Data excerpts:
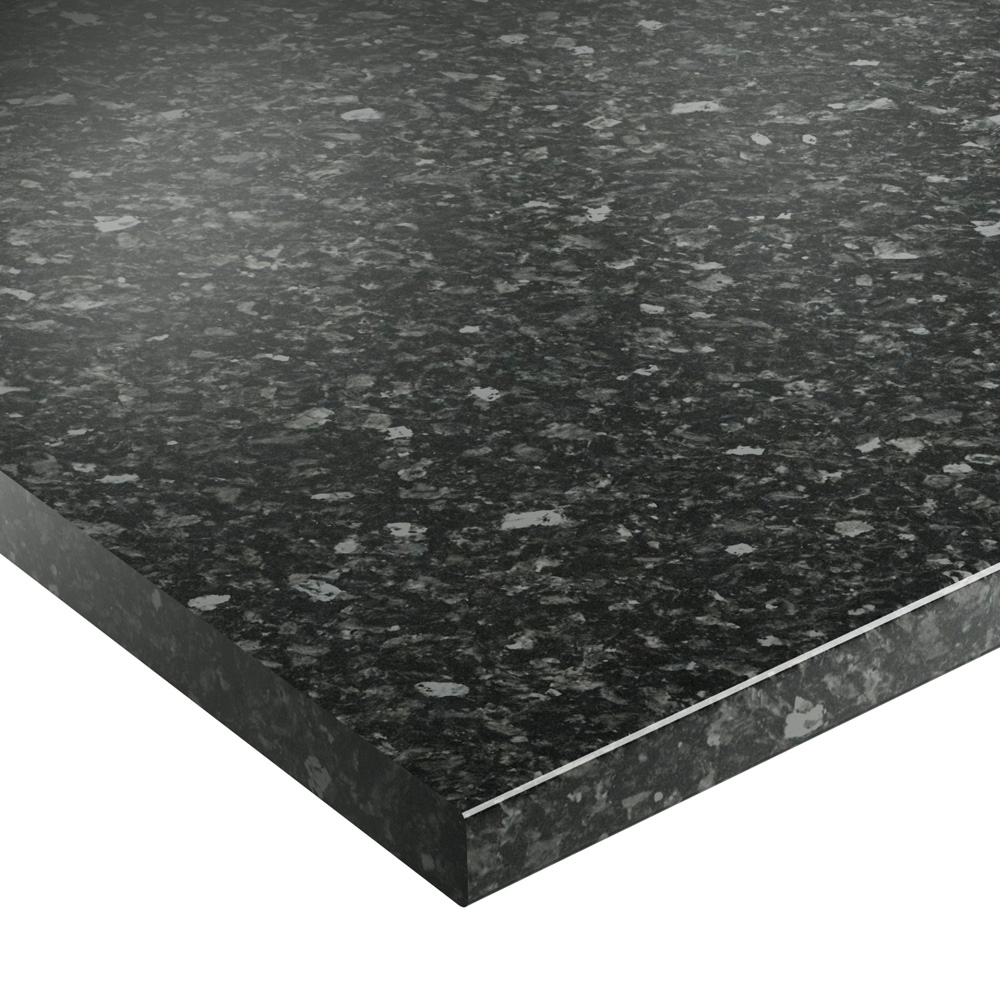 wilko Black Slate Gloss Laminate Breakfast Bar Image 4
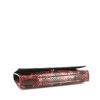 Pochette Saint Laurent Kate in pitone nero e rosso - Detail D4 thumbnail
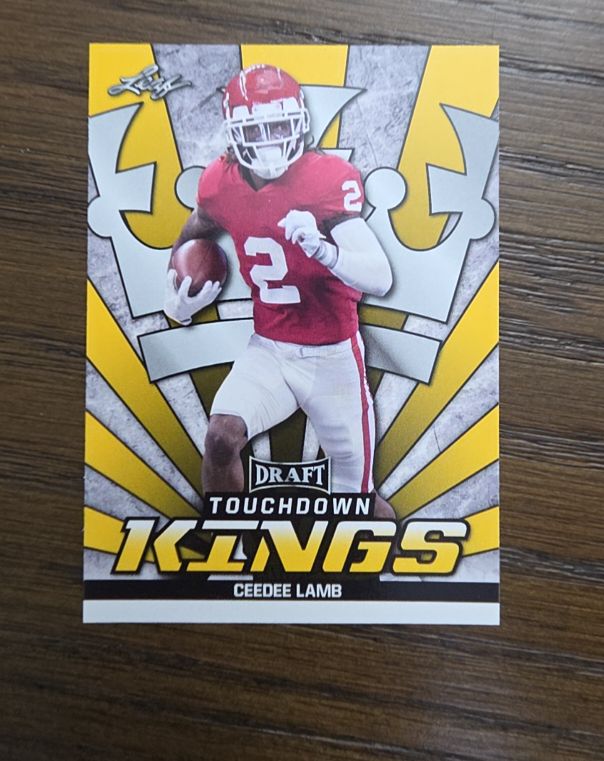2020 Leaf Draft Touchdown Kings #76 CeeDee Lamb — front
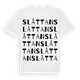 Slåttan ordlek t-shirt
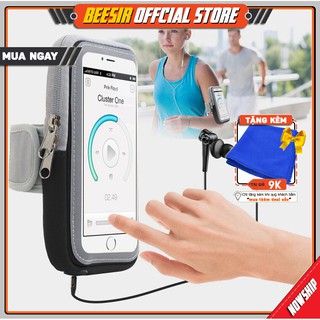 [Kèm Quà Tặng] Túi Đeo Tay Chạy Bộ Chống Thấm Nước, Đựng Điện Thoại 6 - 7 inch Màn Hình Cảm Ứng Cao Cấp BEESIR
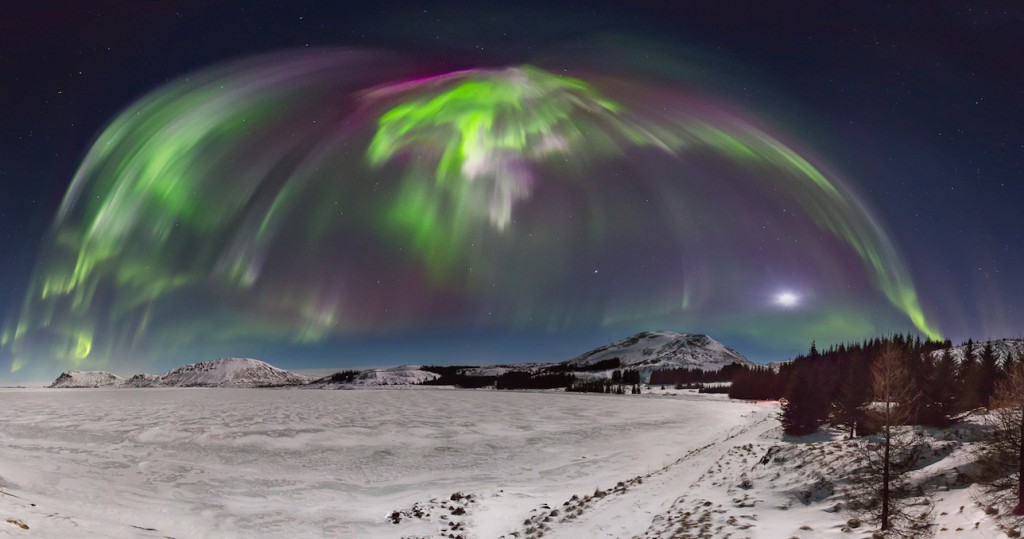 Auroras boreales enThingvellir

Aim of the exercise.
What is needed is a word-for-word copy of the lines from the one containing "Slåttan ordlek t-shirt" through the final line of the records above, both included, with the pictures left out.

The answer.
 Slåttan ordlek t-shirt
 [Kèm Quà Tặng] Túi Đeo Tay Chạy Bộ Chống Thấm Nước, Đựng Điện Thoại 6 - 7 inch Màn Hình Cảm Ứng Cao Cấp BEESIR
 Auroras boreales enThingvellir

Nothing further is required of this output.